■ Exercise goal
Please give back, exactly as written, only the line containing "LOUIS VUITTON Neverfull" and every line after it until the data below ends.

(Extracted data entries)
—————

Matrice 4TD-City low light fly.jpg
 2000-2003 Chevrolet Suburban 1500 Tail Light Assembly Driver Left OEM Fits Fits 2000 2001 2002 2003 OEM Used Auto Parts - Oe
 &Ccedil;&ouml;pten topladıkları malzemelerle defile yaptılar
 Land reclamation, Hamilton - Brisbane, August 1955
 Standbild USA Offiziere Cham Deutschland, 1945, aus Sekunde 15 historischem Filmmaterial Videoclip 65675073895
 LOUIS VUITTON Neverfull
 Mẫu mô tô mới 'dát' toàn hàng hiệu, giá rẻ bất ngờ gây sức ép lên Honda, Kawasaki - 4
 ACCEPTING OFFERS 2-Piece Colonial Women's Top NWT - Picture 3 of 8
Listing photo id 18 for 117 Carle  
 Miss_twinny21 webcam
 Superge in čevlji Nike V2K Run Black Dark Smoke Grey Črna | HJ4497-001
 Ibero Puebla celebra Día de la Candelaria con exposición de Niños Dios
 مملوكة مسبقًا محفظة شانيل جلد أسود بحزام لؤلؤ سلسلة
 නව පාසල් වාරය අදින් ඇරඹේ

—————

■ Task result
 LOUIS VUITTON Neverfull
 Mẫu mô tô mới 'dát' toàn hàng hiệu, giá rẻ bất ngờ gây sức ép lên Honda, Kawasaki - 4
 ACCEPTING OFFERS 2-Piece Colonial Women's Top NWT - Picture 3 of 8
Listing photo id 18 for 117 Carle  
 Miss_twinny21 webcam
 Superge in čevlji Nike V2K Run Black Dark Smoke Grey Črna | HJ4497-001
 Ibero Puebla celebra Día de la Candelaria con exposición de Niños Dios
 مملوكة مسبقًا محفظة شانيل جلد أسود بحزام لؤلؤ سلسلة
 නව පාසල් වාරය අදින් ඇරඹේ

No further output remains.